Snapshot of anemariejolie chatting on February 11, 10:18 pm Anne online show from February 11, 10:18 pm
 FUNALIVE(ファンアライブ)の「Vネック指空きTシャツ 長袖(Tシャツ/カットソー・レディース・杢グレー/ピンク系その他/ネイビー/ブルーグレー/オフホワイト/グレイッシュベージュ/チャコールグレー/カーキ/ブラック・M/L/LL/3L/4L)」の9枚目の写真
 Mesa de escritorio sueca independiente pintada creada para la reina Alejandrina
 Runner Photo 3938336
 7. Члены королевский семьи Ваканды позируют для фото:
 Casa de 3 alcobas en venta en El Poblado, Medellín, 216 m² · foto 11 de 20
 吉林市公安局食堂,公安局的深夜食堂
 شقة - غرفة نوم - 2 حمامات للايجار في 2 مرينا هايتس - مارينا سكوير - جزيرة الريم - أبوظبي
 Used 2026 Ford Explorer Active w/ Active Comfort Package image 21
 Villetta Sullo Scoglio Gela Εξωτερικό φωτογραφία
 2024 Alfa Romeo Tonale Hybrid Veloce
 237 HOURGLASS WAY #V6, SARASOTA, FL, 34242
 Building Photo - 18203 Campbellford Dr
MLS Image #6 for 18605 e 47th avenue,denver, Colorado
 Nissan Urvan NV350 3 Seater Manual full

-------

▸ **Action item**:
Go through the data above and return every line exactly.

▸ **Written response**:
Snapshot of anemariejolie chatting on February 11, 10:18 pm Anne online show from February 11, 10:18 pm
 FUNALIVE(ファンアライブ)の「Vネック指空きTシャツ 長袖(Tシャツ/カットソー・レディース・杢グレー/ピンク系その他/ネイビー/ブルーグレー/オフホワイト/グレイッシュベージュ/チャコールグレー/カーキ/ブラック・M/L/LL/3L/4L)」の9枚目の写真
 Mesa de escritorio sueca independiente pintada creada para la reina Alejandrina
 Runner Photo 3938336
 7. Члены королевский семьи Ваканды позируют для фото:
 Casa de 3 alcobas en venta en El Poblado, Medellín, 216 m² · foto 11 de 20
 吉林市公安局食堂,公安局的深夜食堂
 شقة - غرفة نوم - 2 حمامات للايجار في 2 مرينا هايتس - مارينا سكوير - جزيرة الريم - أبوظبي
 Used 2026 Ford Explorer Active w/ Active Comfort Package image 21
 Villetta Sullo Scoglio Gela Εξωτερικό φωτογραφία
 2024 Alfa Romeo Tonale Hybrid Veloce
 237 HOURGLASS WAY #V6, SARASOTA, FL, 34242
 Building Photo - 18203 Campbellford Dr
MLS Image #6 for 18605 e 47th avenue,denver, Colorado
 Nissan Urvan NV350 3 Seater Manual full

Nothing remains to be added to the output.